The broader appeal of supplier relationship management software lies in its ability to consolidate supplier onboarding, qualification, RFQs, performance tracking and risk oversight. It can also support ESG and compliance work, while giving procurement teams a more complete view of what is happening across the supply base. Other enterprise software groups, including SAP, GEP and Informatica, make similar claims for their own supplier management tools, pointing to centralised data, stronger collaboration and better decision-making as recurring benefits.
QAD’s latest customer example is Convotherm, a foodservice equipment maker and a brand within Welbilt Deutschland GmbH. According to the company, Convotherm had been relying on manual sourcing methods built around spreadsheets, email chains and fragmented supplier records, which limited transparency and slowed procurement work.
After introducing QAD SRM Supplier Data Management, Sourcing and Collaboration capabilities, the manufacturer says it sharply improved efficiency. The company claims RFQ processing time fell by 90%, from around an hour to about five minutes, while participation widened from roughly five suppliers to as many as 50. QAD also says the implementation delivered a 3.2-times return on investment in the first year and improved compliance and audit readiness.
Stefan Sadler, sourcing leader at Welbilt Deutschland GmbH, was quoted by QAD as saying: “Previously, the tender process took about one hour. In SRM, this process was reduced to a good five minutes. And the quality of prices and suppliers also increased.”

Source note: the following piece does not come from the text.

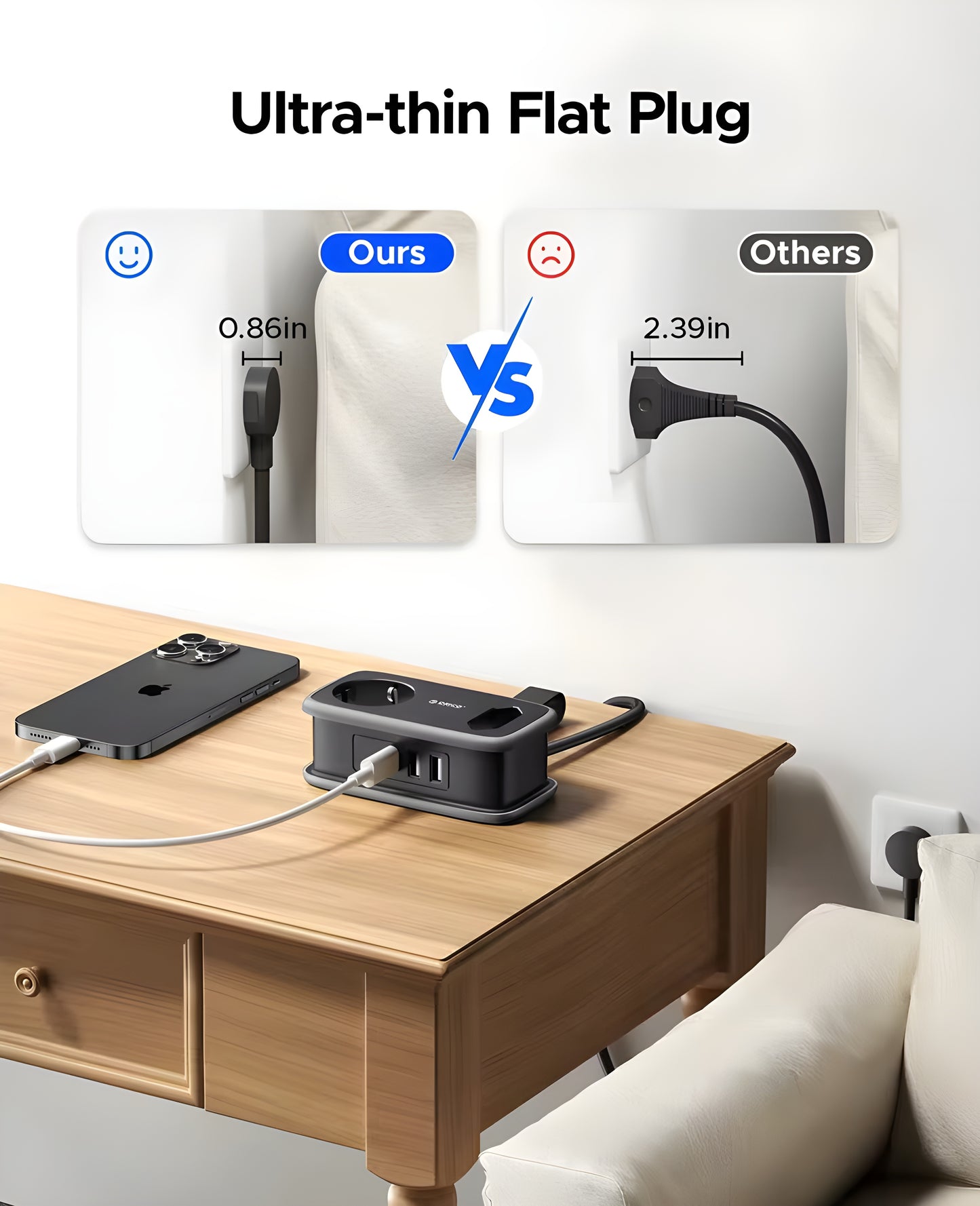 Travel Power Strip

Convotherm is not the only manufacturer cited by QAD as benefiting from the system. In earlier material, the company pointed to KION Group AG, which it said improved RFQ efficiency by 90% and cut spend by 32% using its Auctions tool. QAD has also highlighted other industrial users, including Hanon Systems, Muhr & Bender, Phoenix Contact, Heroal and AVL, as examples of firms using SRM to standardise sourcing, speed up deployment and widen supplier collaboration.
Taken together, the examples reflect a wider shift in manufacturing procurement: from chasing transactions to managing supplier relationships as a source of value. For companies navigating higher uncertainty, the attraction of SRM is not just administrative tidiness but a more controlled, data-driven way of working with the businesses on which production depends.